[RECORDS FOR THIS EXERCISE — start]

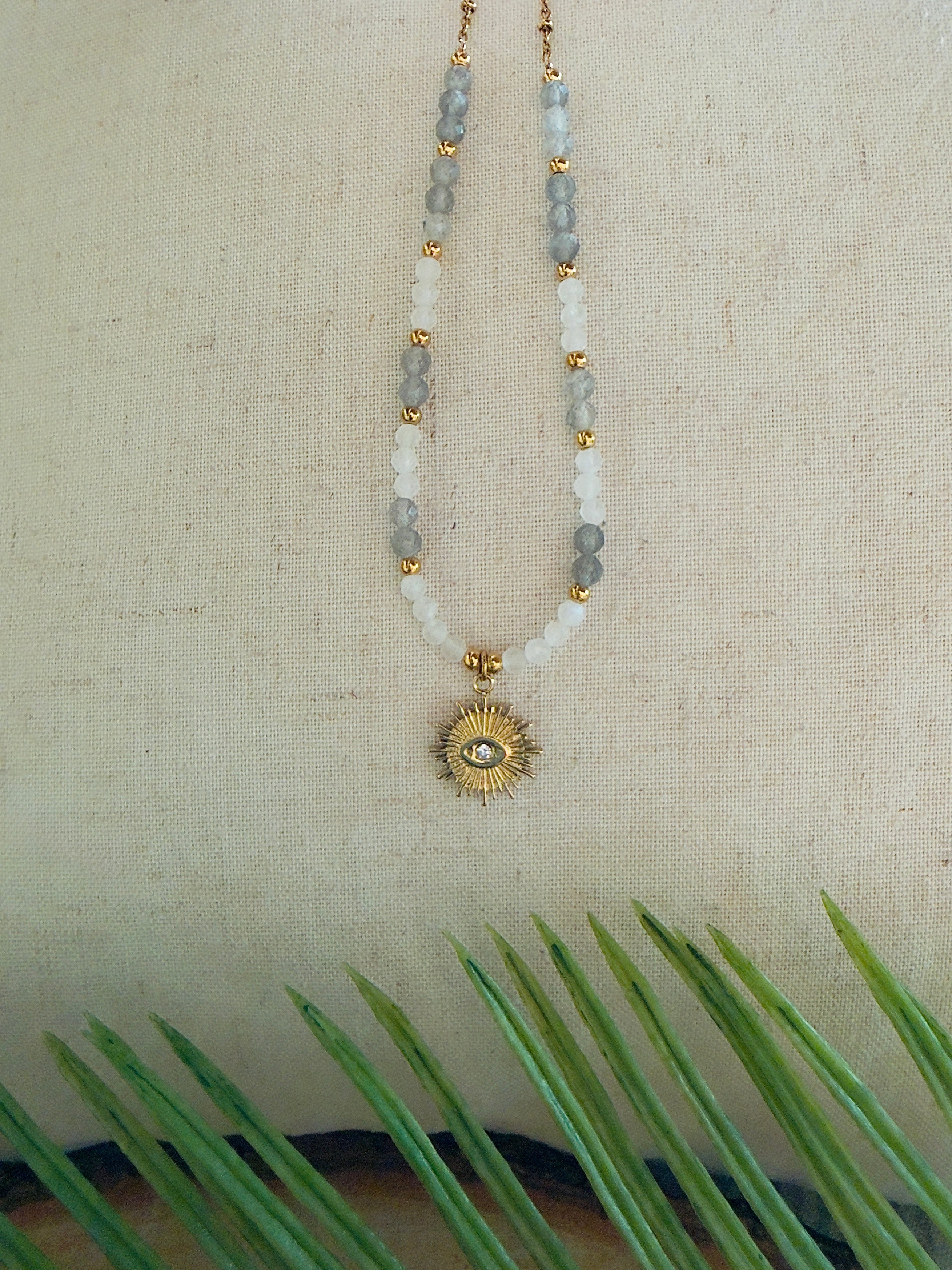 Collier Alia – Labradorite et pierre de lune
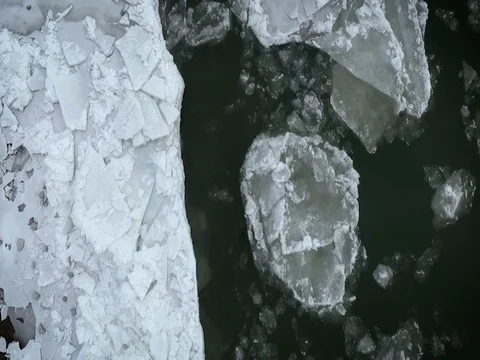 Breaking Of The Ice On The River Danube Stock Footage 71295009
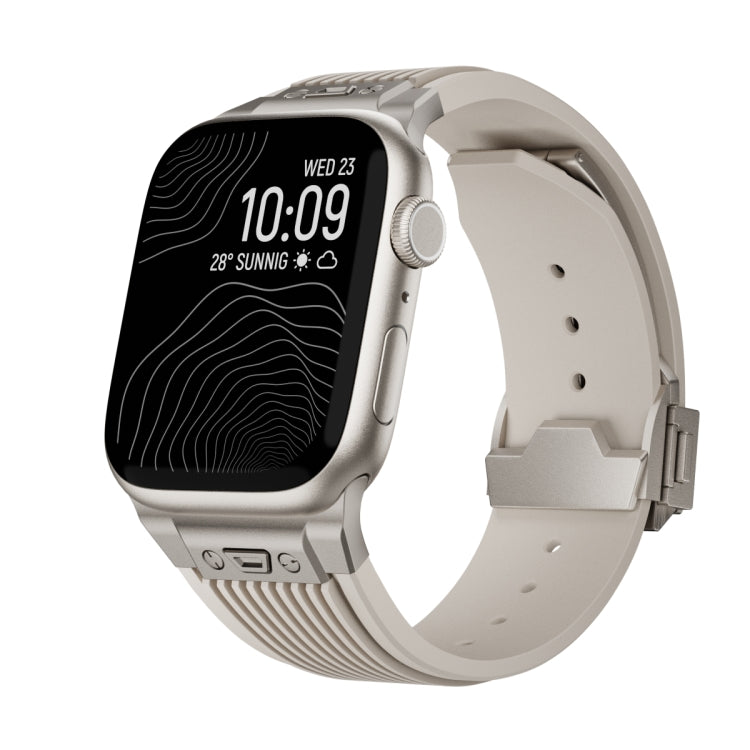For Apple Watch 42mm Vertical Texture Titanium Buckle Elastic Silicone Watch Band(Starlight) - free shipping - PMC TechLife - Order now!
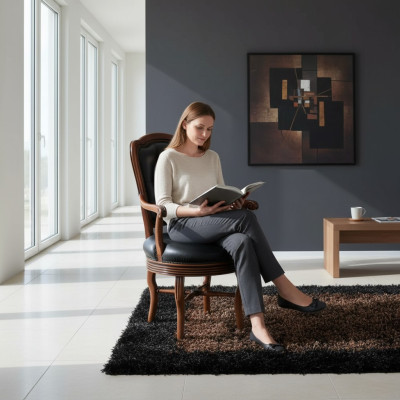 Bürostuhl Holz Chefsessel Chesterfield italienische Möbel Schwarz Drehbar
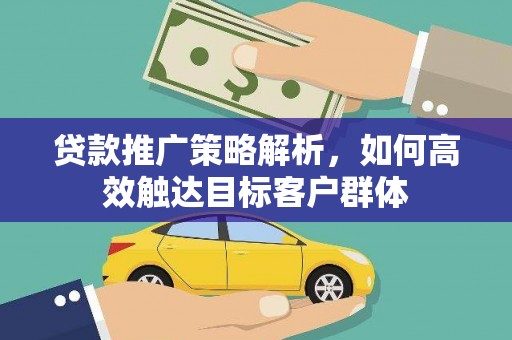 望城贷款推广策略解析，如何高效触达目标客户群体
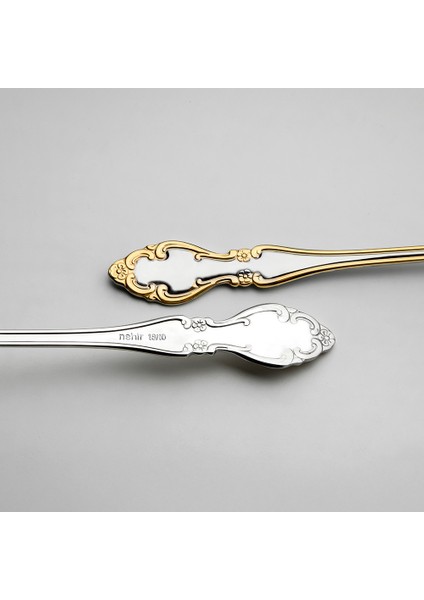 Adriana Altın Sade 6 Kişilik 36 Parça Kutulu Çatal Kaşık Bıçak Takımı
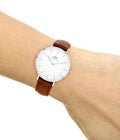  Shop Authentic Daniel Wellington Classic Petite St Mawes White Dial Brown Leather Strap Watch For Women - DW00100187 - Luxxuri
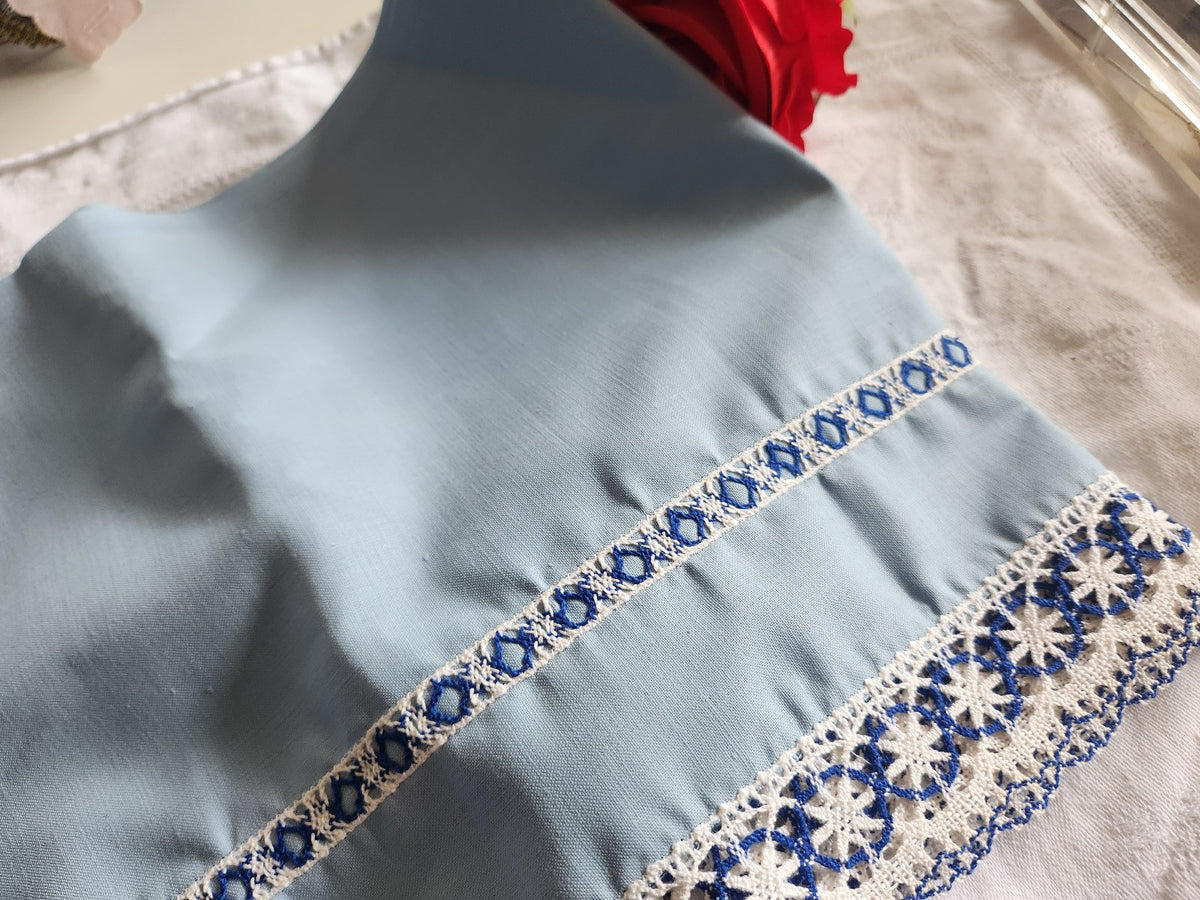 Très large bordure ancienne neuve bas jupon bleu 6 mètres 50 sur 28,5 cm  B1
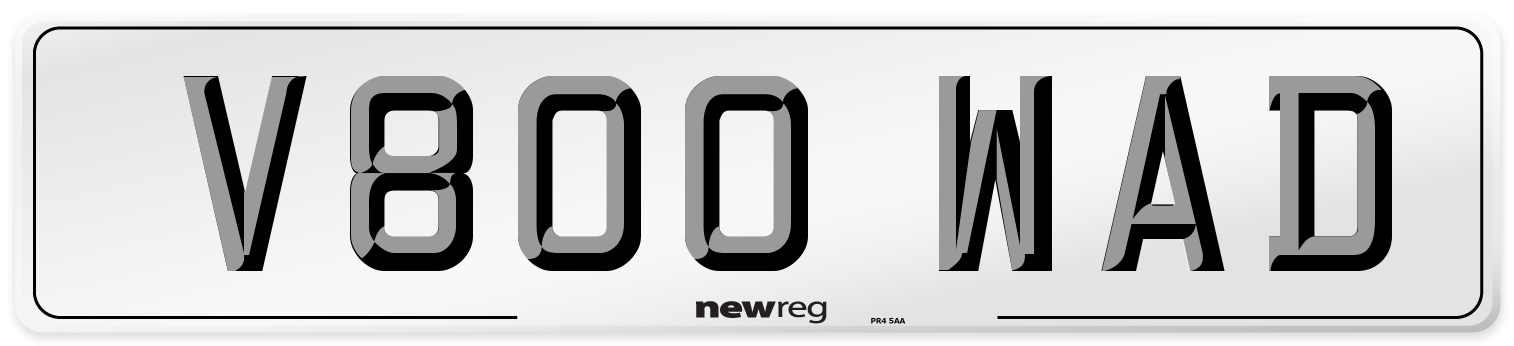 V800 WAD Number Plate from New Reg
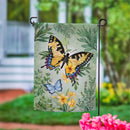 Pollinator Garden Green & Yellow Florals Monarch Butterfly Suede Garden Flag - The Flag Lady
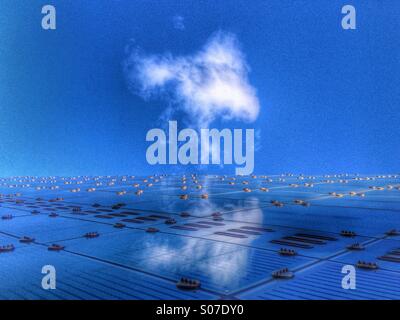 Abstract di cloud e Urbis edificio in Manchester Foto Stock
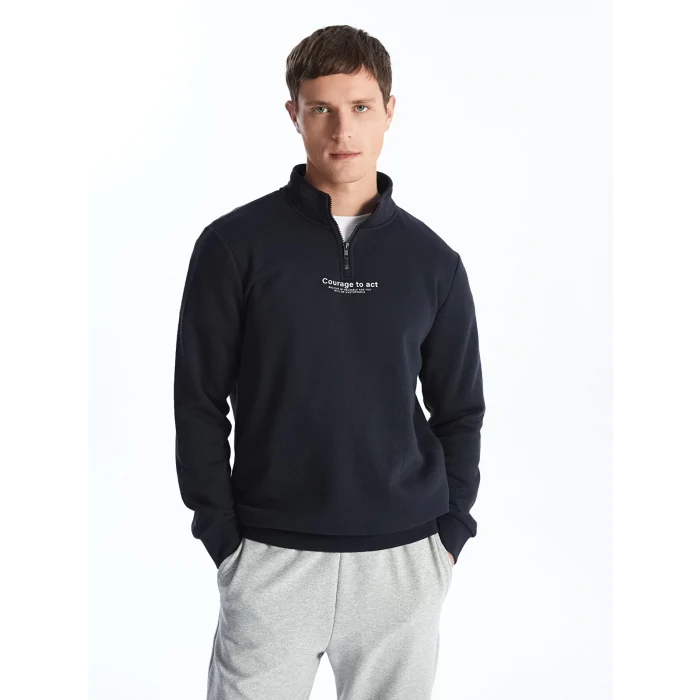 LCWAIKIKI Classic Lacivert Dik Yaka Uzun Kollu Baskılı Erkek Kalın Sweatshirt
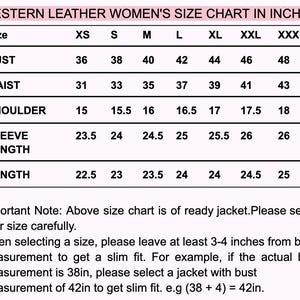 May include: A size chart for western leather jackets, with measurements in inches. The chart shows bust, waist, shoulder, sleeve length, and jacket length for sizes XS to XXXL. The text at the bottom provides sizing guidance.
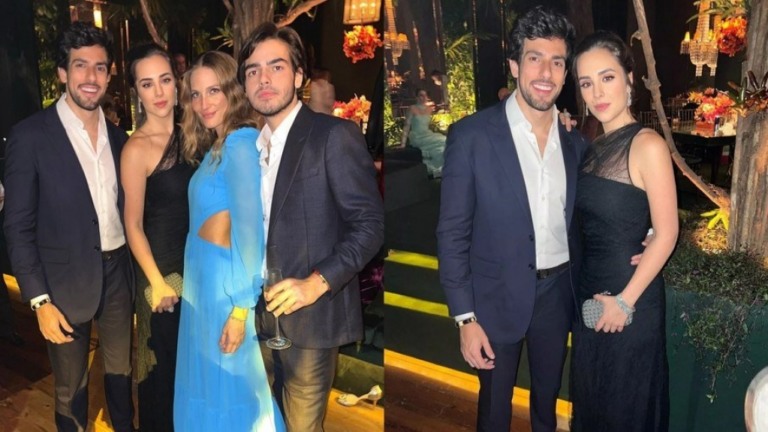 Filhos de Faustão posam com respectivos pares em festa de São Paulo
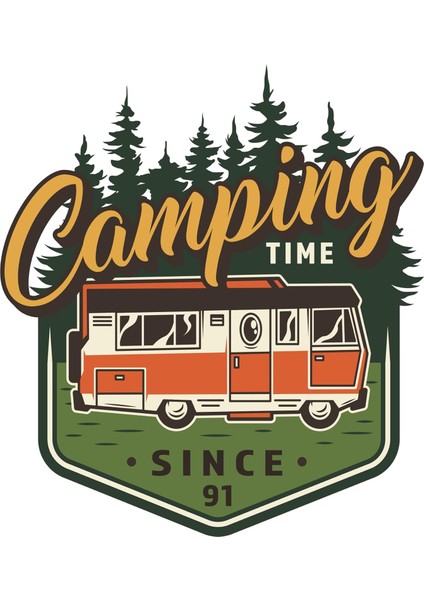 Aksesuar Camping Adventure Kamp Karavan Sticker Off Road 13 x 12 cm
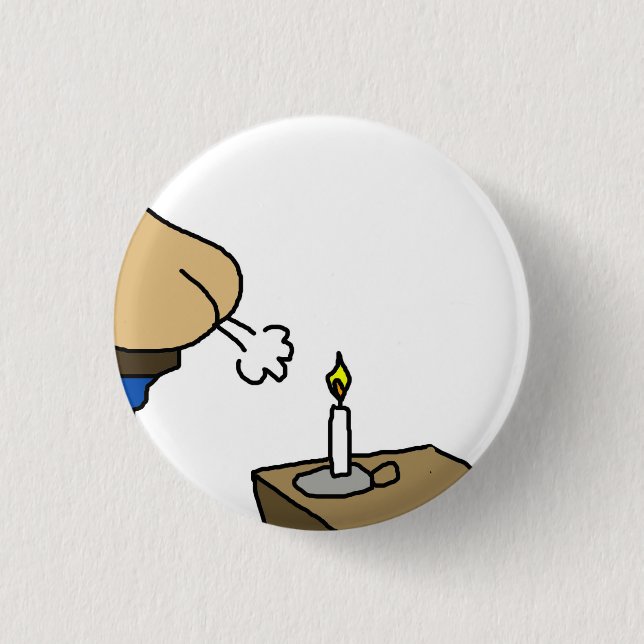Kerze im Cartoon  Button (Vorderseite)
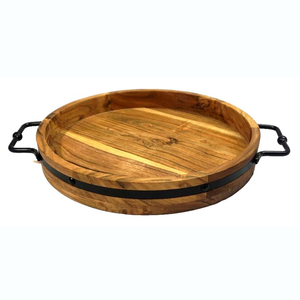 Bandeja de exhibición de comida redonda de madera de alta calidad grande con mango de metal para decoración y servicio - Product Image 1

[RECORDS FOR THIS EXERCISE — finish]

ACTIVITY >> Pictures are to be omitted. The lines from the line holding "For Apple Watch" through the closing line of the data above are to be set down exactly, and nothing more.

ANSWER AREA >>
For Apple Watch 42mm Vertical Texture Titanium Buckle Elastic Silicone Watch Band(Starlight) - free shipping - PMC TechLife - Order now!
 Bürostuhl Holz Chefsessel Chesterfield italienische Möbel Schwarz Drehbar
 望城贷款推广策略解析，如何高效触达目标客户群体
 Adriana Altın Sade 6 Kişilik 36 Parça Kutulu Çatal Kaşık Bıçak Takımı
  Shop Authentic Daniel Wellington Classic Petite St Mawes White Dial Brown Leather Strap Watch For Women - DW00100187 - Luxxuri
 Très large bordure ancienne neuve bas jupon bleu 6 mètres 50 sur 28,5 cm  B1
 V800 WAD Number Plate from New Reg
 Pollinator Garden Green & Yellow Florals Monarch Butterfly Suede Garden Flag - The Flag Lady
 Abstract di cloud e Urbis edificio in Manchester Foto Stock
 LCWAIKIKI Classic Lacivert Dik Yaka Uzun Kollu Baskılı Erkek Kalın Sweatshirt
 May include: A size chart for western leather jackets, with measurements in inches. The chart shows bust, waist, shoulder, sleeve length, and jacket length for sizes XS to XXXL. The text at the bottom provides sizing guidance.
 Filhos de Faustão posam com respectivos pares em festa de São Paulo
 Aksesuar Camping Adventure Kamp Karavan Sticker Off Road 13 x 12 cm
Kerze im Cartoon  Button (Vorderseite)
 Bandeja de exhibición de comida redonda de madera de alta calidad grande con mango de metal para decoración y servicio - Product Image 1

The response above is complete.